This month I would like to lend a hand with your holiday eating relationship (basically how to eat intuitively). This is a time to form a prevention plan and set solid intentions. Shall we?
Ultimately, the overall objective would be to learn and practice how to avoid the all-or-nothing mindset with food during the holidays and beyond (did you get that? Your intuitive eating principles apply 365 days per year). There are three main principles for doing so:
- Permission to enjoy a variety of nourishing, satisfying, and traditional foods during the holidays
- Feeling your hunger and satiety signals and honoring them – and really tasting your food (as if it were the first time eating it)
- Assessing your needs and alternative strategies (other than using food) for stress and entertainment
- Unconditional permission to eat.
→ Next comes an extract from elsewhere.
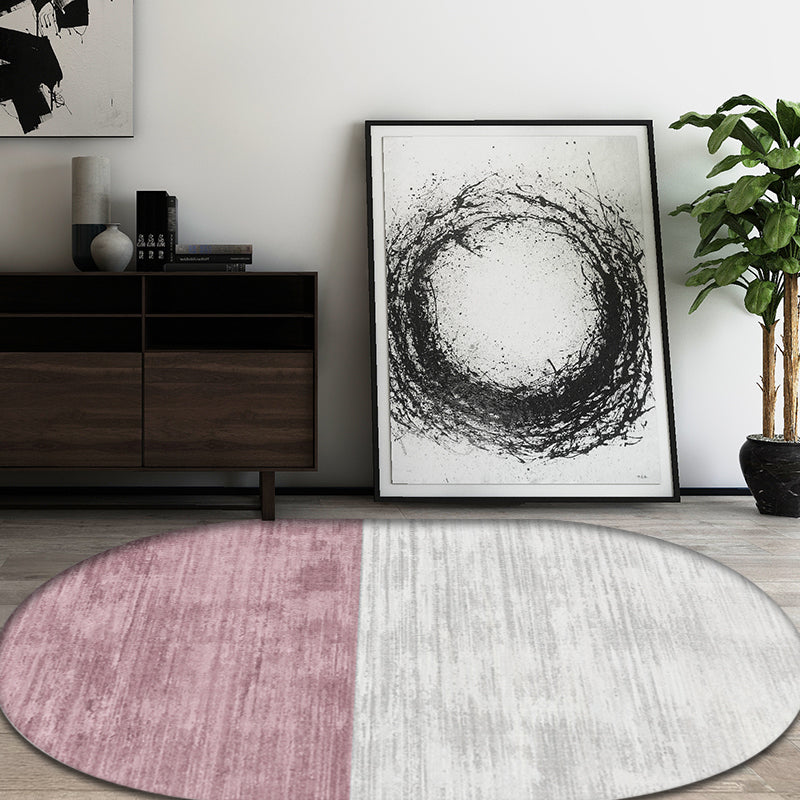 Novelty Living Room Rug in Pink and Blue Color Block Print Rug Polyester Stain-Resistant Area Rug Pink Clearhalo 'Area Rug' 'Rug' 1715571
If you have rules and judgments around food (good vs bad), it will likely hinder your innate ability to self-moderate food choices.
If you know that a diet, restriction, or deprivation is around the corner, it will influence how you behave around food. If January 1st is named the day you’ll start a diet, you’re going to throw all caution to the wind over the holidays. Might as well enjoy yourself before the suffering begins, right? SO DON’T MAKE PLANS TO DIET ON JANUARY 1st. If there is nothing else you take away from this article, take this in.
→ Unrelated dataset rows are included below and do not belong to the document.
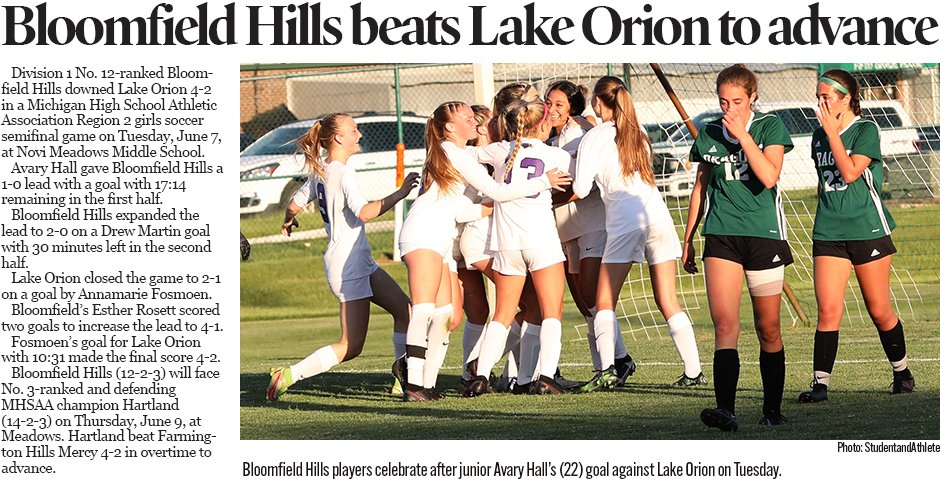 Bloomfield Hills beats Lake Orion in 2022 MHSAA girls soccer regional semifinal . Lead story from studentandathlete.org  (June 8, 2022) 
Michigan's premier source of high school sports news.
@bhswatson
<a href="/bhschools/">BHSchools</a>
<a href="/BlackHawksSocca/">BlackHawks Soccer</a>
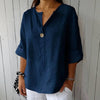 Blouse Décontractée De Couleur Unie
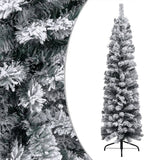 Kunstkerstboom Met Verlichting En Sneeuw Smal Pvc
The good news is that you can enjoy satisfying foods any ol’ day of the year, so there is no need to get it all right now. Eating for the intent to feel satiated is your key, especially since overeating or under eating are not satisfying (more like distracting and uncomfortable).
For so long you’ve likely had a system of checks and balances. In other words, eating has been conditional. “I can eat that if I run an extra few miles tomorrow.”/ “I can have that but only on my cheat day.” / “If I eat that, I can’t eat later.” And so on.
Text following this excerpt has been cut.